LONDON: US Republican presidential candidate Donald Trump said Muslims were failing to report suspicious activity and they must do more to help prevent attacks such as those that killed at least 30 people in Belgium.
"When they see trouble they have to report it, they are not reporting it, they are absolutely not reporting it and that's a big problem," Trump said in an interview broadcast on Wednesday on Britain's ITV television.
Trump is the front-runner in the race to be the Republican candidate in November's presidential election. He has made a series of hugely controversial statements during his campaign that have boosted his popularity with supporters who see him as someone who speaks uncomfortable truths, but have outraged millions both in the United States and around the world.
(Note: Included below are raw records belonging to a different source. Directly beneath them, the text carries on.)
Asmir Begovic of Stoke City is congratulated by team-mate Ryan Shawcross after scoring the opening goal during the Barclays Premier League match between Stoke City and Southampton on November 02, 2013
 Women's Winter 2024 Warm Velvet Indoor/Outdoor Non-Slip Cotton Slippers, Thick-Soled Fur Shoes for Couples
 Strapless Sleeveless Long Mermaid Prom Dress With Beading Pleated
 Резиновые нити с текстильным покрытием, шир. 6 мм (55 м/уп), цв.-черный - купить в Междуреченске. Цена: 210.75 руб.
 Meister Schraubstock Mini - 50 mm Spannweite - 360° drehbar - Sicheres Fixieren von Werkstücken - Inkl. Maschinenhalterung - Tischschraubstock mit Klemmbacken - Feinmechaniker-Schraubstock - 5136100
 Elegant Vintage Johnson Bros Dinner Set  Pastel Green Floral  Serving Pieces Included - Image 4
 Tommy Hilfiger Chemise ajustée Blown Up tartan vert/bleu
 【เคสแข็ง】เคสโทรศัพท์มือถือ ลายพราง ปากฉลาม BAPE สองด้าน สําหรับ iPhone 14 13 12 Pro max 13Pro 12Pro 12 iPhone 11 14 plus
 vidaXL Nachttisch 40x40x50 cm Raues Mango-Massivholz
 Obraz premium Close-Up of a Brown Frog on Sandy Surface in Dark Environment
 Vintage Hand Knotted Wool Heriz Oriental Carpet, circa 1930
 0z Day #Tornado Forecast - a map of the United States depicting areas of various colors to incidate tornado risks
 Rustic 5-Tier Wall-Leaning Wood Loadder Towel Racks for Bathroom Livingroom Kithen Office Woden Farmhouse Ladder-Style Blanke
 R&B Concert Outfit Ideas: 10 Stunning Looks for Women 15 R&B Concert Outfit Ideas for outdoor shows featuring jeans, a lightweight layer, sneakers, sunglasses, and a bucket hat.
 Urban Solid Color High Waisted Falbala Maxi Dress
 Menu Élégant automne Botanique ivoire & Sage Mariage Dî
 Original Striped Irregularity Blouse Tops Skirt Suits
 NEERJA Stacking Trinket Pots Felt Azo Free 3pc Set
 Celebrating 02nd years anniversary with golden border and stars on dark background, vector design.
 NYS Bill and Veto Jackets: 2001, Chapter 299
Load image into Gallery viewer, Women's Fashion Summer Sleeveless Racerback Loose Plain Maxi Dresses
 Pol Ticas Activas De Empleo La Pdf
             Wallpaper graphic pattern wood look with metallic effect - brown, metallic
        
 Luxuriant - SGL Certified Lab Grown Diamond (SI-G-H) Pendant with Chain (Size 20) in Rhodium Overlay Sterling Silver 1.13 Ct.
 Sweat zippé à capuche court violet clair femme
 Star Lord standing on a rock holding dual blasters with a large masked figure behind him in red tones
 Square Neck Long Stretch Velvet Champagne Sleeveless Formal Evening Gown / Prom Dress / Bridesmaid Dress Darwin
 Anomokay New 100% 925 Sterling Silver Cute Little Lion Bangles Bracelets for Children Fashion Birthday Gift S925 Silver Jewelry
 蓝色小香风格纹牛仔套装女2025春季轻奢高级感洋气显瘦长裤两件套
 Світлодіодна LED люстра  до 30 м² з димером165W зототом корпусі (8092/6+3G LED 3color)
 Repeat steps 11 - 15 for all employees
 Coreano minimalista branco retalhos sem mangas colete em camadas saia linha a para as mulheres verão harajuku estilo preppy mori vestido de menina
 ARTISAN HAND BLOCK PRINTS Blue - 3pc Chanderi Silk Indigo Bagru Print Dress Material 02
Trump, who has called for a ban on Muslims entering the United States, said it was "a disgrace" that one of the suspects behind last November's attacks in Paris had been found after a long manhunt by police in an area of Brussels where he lived.
"He was in his neighbourhood where he grew up and nobody even turned him in and supposedly this is retribution for that. It's a disgrace," he said.
Trump said there were signs that an attack by suspected extremists in California in December, which killed 14 people, could have been stopped.
"A lot of people in the community knew they were going to do it because in their apartment they had bombs all over the floor ... and they didn't report them," he said.
"I don't know what it is. It's like they're protecting each other but they're really doing very bad damage. They have to open up to society, they have to report the bad ones."